Although the exact cause of PCOS is still not fully understood, research suggests that it actually begins in the womb. To understand this, we have to dive into the fascinating world of epigenetics. Epigenetics is all about how our environment and behaviors can influence our genes, and PCOS is a perfect example of these epigenetic changes being passed from mother to baby.

When a female fetus is exposed to high levels of testosterone or anti-Müllerian hormone (AMH) during development, usually because the mother herself has PCOS, it triggers changes in specific genes associated with PCOS. These changes occur due to the influence of the environment within the womb, and that’s where the journey of PCOS begins.

While there are various genetic changes that have been implicated as being associated with the development of PCOS, one in particular has received the most attention. This significant genetic change is related to an enzyme called P450c17. This enzyme plays a crucial role in regulating testosterone production by controlling 17-hydroxylase and 17,20-lyase activities, two enzymes involved in androgen production.

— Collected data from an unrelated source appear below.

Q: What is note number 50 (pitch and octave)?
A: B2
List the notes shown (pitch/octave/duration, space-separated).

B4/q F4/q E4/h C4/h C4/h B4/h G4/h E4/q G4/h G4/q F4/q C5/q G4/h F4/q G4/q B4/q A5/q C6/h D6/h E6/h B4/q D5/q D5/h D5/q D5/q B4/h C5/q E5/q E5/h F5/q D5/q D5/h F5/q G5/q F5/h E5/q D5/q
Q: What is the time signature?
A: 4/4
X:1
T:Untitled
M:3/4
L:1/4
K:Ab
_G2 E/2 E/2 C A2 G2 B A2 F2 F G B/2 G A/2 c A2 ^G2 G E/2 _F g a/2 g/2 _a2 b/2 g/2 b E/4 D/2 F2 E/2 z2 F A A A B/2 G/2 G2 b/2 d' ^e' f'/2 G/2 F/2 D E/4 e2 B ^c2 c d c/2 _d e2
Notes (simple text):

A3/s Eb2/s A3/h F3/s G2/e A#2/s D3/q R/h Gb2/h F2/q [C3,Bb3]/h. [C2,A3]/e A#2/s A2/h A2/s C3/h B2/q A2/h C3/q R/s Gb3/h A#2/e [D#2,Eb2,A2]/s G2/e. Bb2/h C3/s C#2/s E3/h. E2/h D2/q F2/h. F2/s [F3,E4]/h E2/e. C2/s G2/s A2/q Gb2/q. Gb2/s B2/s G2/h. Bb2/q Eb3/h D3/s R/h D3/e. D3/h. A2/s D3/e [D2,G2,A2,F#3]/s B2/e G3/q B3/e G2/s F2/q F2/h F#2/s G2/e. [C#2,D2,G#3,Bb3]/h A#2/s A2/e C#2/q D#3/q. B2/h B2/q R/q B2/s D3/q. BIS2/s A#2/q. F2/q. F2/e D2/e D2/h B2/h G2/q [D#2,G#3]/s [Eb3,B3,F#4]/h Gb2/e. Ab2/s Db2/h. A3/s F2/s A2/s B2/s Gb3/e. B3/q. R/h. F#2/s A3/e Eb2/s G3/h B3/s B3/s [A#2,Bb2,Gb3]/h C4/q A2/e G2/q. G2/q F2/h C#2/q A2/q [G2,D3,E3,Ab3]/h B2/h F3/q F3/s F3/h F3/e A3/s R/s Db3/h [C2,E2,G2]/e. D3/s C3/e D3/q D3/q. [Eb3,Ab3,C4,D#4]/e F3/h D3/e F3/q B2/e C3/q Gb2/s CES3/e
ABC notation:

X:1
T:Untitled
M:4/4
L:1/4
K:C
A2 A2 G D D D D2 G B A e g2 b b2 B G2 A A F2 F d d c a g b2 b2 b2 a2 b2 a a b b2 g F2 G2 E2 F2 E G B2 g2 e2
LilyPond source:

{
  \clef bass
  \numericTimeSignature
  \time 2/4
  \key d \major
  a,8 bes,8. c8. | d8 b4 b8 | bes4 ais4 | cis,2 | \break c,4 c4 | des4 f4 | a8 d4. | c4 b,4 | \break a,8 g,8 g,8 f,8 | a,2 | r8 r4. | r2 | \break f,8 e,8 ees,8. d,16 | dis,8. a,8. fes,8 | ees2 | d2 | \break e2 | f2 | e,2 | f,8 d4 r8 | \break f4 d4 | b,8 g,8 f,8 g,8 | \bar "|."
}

Picture P450c17 as a traffic control officer for testosterone levels. In women without PCOS, this officer efficiently slows down testosterone production, ensuring it doesn’t go overboard. However, in women with PCOS, it’s like there’s no traffic control officer at all. This enzyme works tirelessly, producing excessive amounts of testosterone round the clock. What’s more, when insulin levels are high, this enzyme goes into overdrive and produces even more testosterone. This genetic change involving P450c17 is one of the key factors that contribute to PCOS, shifting it from regulated traffic to a nonstop green light!





Experts have revealed that the genetic changes associated with PCOS can actually be passed down for multiple generations, with studies showing the genes spanning at least three generations in mice. This means that a mom with PCOS might unknowingly be passing down the condition to her grandchildren or even her great-grandchildren.

This discovery sheds light on why daughters born to mothers with PCOS have a 5-fold increased risk of developing PCOS themselves. In fact, a whopping 70% of daughters born to women with PCOS will also experience this condition. These genetic changes don’t just affect females. Even male children born to women with PCOS have been shown to have poorer metabolic health and hormonal imbalance later in life.

So, what can we do about it? Well, it turns out that maintaining lower insulin levels before and during pregnancy is key. By keeping insulin levels within the normal range (3-8 mIU/mL), we can help regulate testosterone levels and prevent these epigenetic changes from occurring in the offspring. Understanding these genetic changes that lead to PCOS empowers us to explore interventions and lifestyle strategies that can effectively manage the condition. By targeting insulin levels through adopting a low insulin lifestyle, women with PCOS can take charge of their health and the health of future generations.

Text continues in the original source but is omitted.